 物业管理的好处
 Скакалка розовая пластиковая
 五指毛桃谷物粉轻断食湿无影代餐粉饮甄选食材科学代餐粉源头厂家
· · · ·
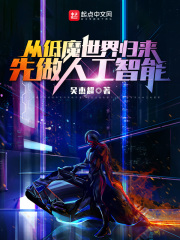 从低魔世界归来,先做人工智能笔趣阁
· · · ·
Prompt: Transcribe each line of the data above, unaltered, from the one where "Скакалка розовая пластиковая" appears to the one where "五指毛桃谷物粉轻断食湿无影代餐粉饮甄选食材科学代餐粉源头厂家" appears, inclusive of both.

Exercise response:
 Скакалка розовая пластиковая
 五指毛桃谷物粉轻断食湿无影代餐粉饮甄选食材科学代餐粉源头厂家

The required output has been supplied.